Don’t know why they call it the “deep” south. Seems like the shallow end of the gene pool to me. I’m in Atlanta working right now and boy, is this place surreal. It’s like a clone of Dallas, but everyone here sounds like they have brain damage. Or they’re in a pageant. Six of one . . .
I thought Texas accents sounded hick, but this is ridiculous. Although it’s not as ridiculous as Kyra Sedgwick’s cartoon accent in The Closer. I watched an episode of that last night in my hotel room. Can someone please explain to me why this show is a darling of the critics? It was badly acted, badly written and horribly shot. The hair and makeup and wardrobe were all terrible. I’m betting the craft service table is all day old pastries and store brand sodas.
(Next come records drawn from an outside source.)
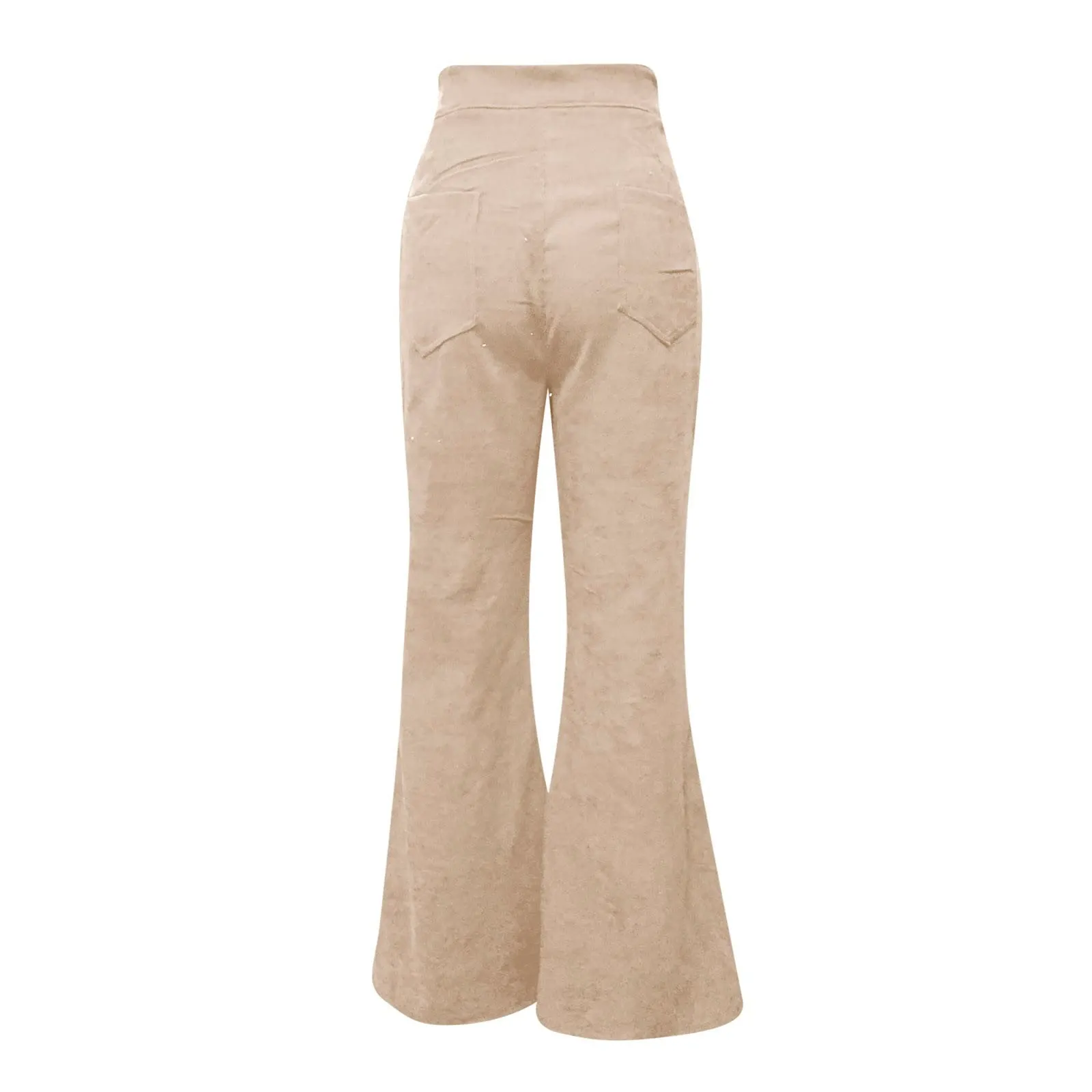 Duohropke Pantaloni a zampa in velluto a coste da donna, vita elastica, bootcut casual - immagine 6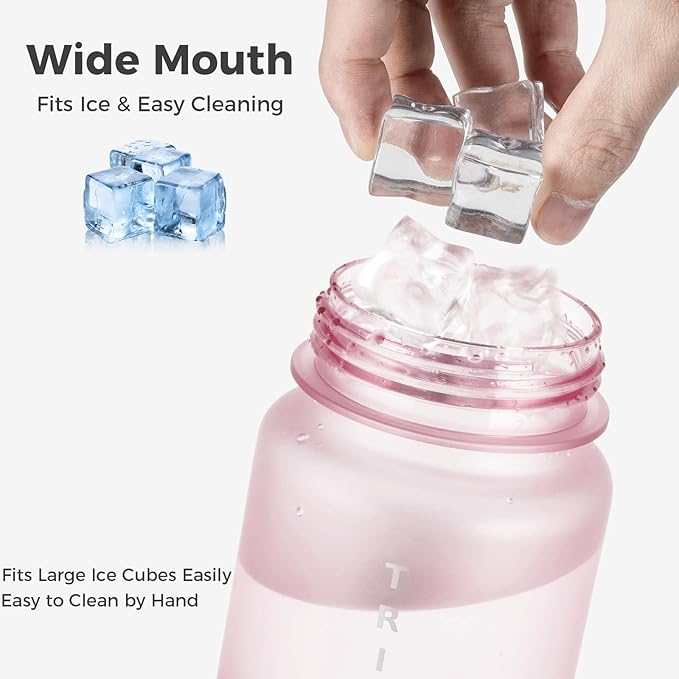 32oz Water Bottle with Chug Lid, Frosted & Clear Tritan BPA-Free, Leakproof, Wide Mouth, Portable Sports Water Bottle for Gym, Office, Travel, Outdoor (Pink)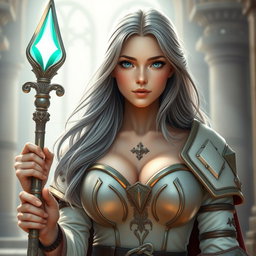 A very busty and kind European cleric girl with bright turquoise eyes, long ash grey hair flowing gracefully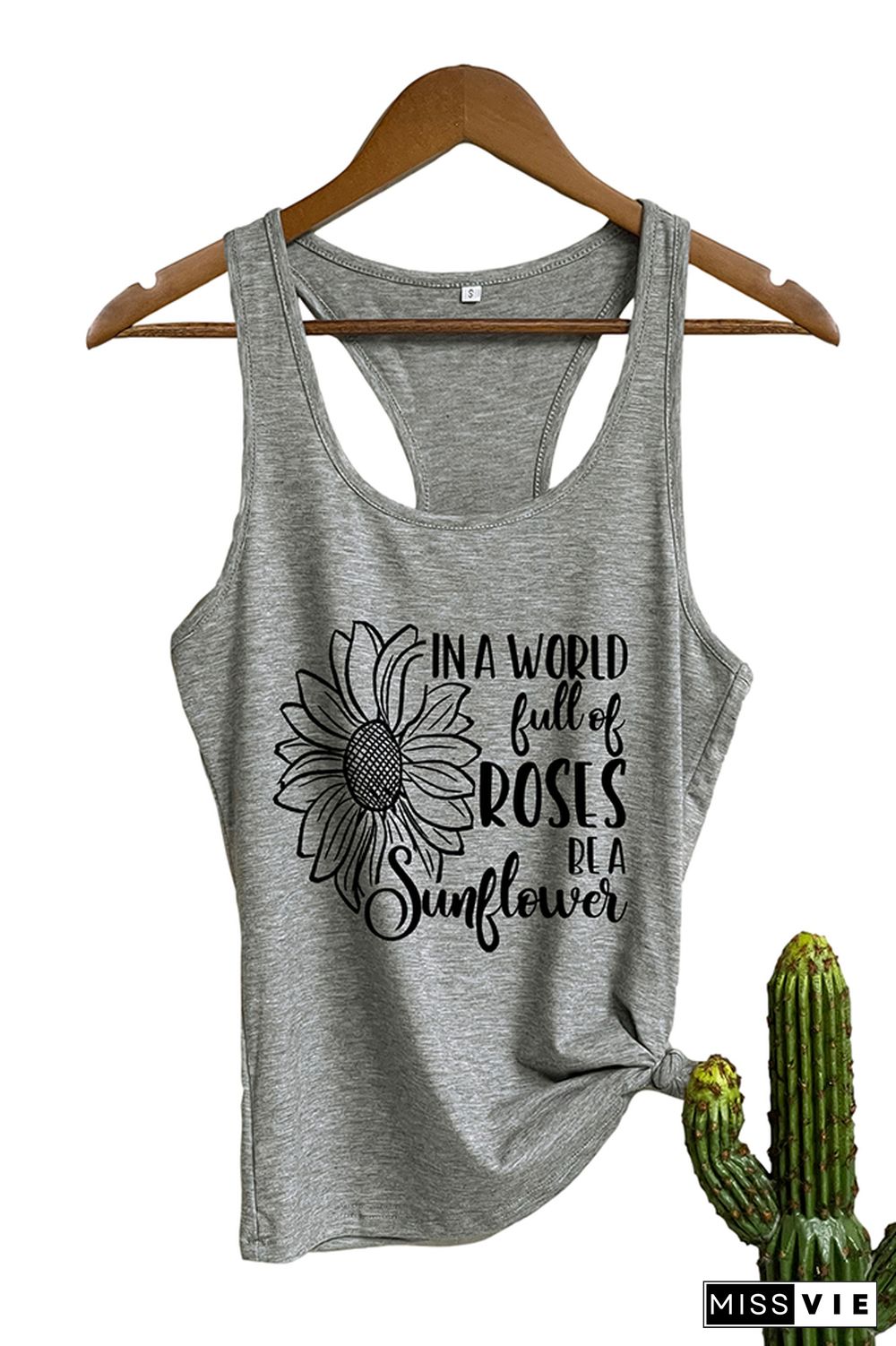 In the world full of roses be a sunflower,Inspirational Quotes, Sunflower Tank Top Wholesale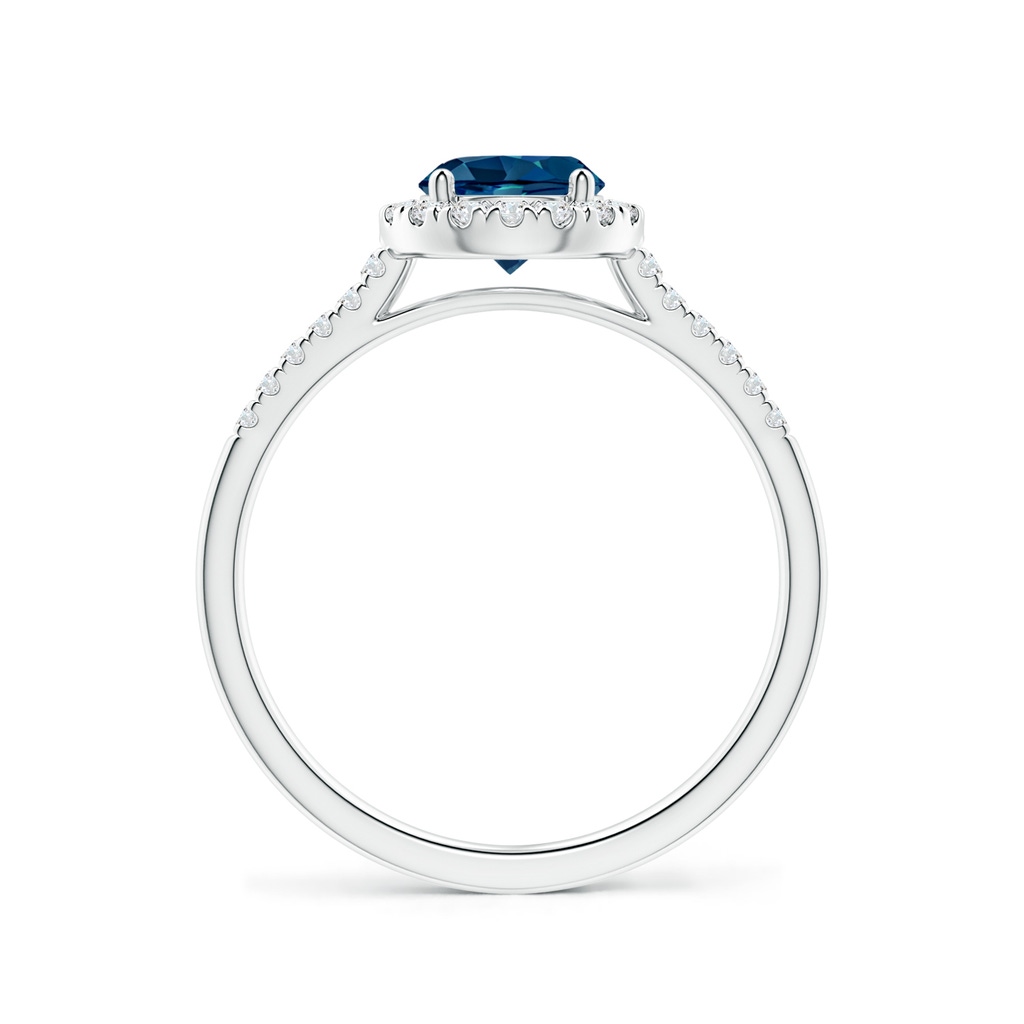 6mm AAAA Round London Blue Topaz Halo Ring with Diamond Accents in P950 Platinum Side-1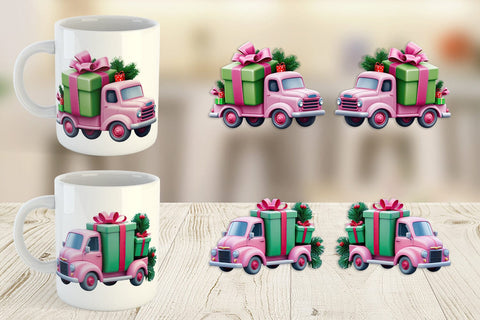 Mug Wrap Pink Truck Christmas Sublimation artnoy 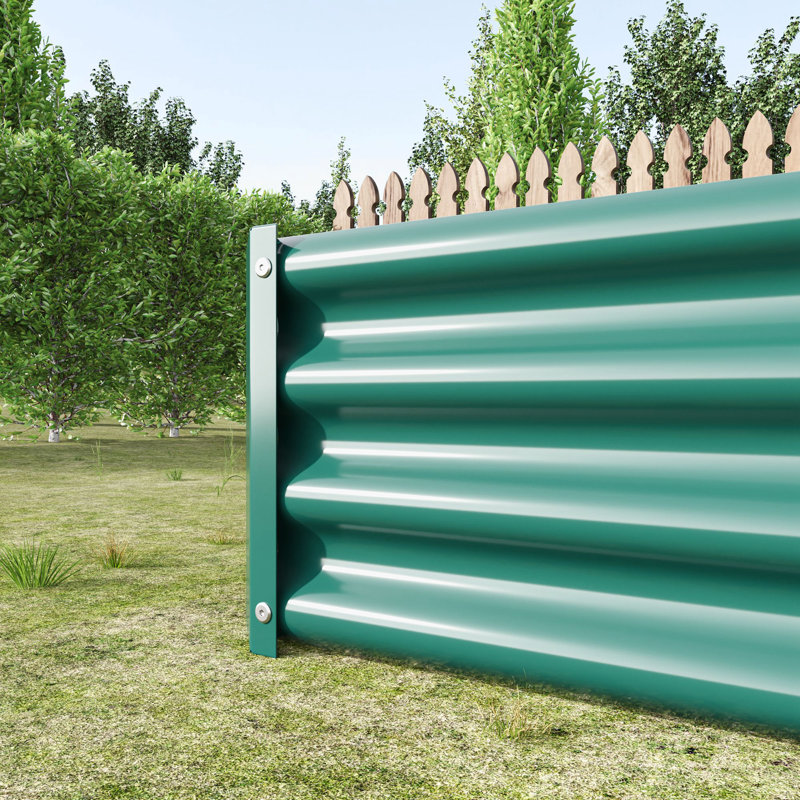 Metal Corrugated Iron Raised Garden Bed for Outdoor Plants, Vegetables, and Flowers, Green, 23.62" H x 70.87" W x 35.43" D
And speaking of sodas, everything is sweet here. No wonder this is where Coke is headquartered. My first meal on Sunday consisted of fried chicken (which had some sugar component in the batter), macaroni and cheese (which had some sugar component in it) and sweet tea. Maybe that’s why everyone has that sugary sweet demeanor.
I have to confess that it’s not as humid as I was expecting. Apparently they’re in the midst of a two-year drought, which has even sucked the moisture from the air.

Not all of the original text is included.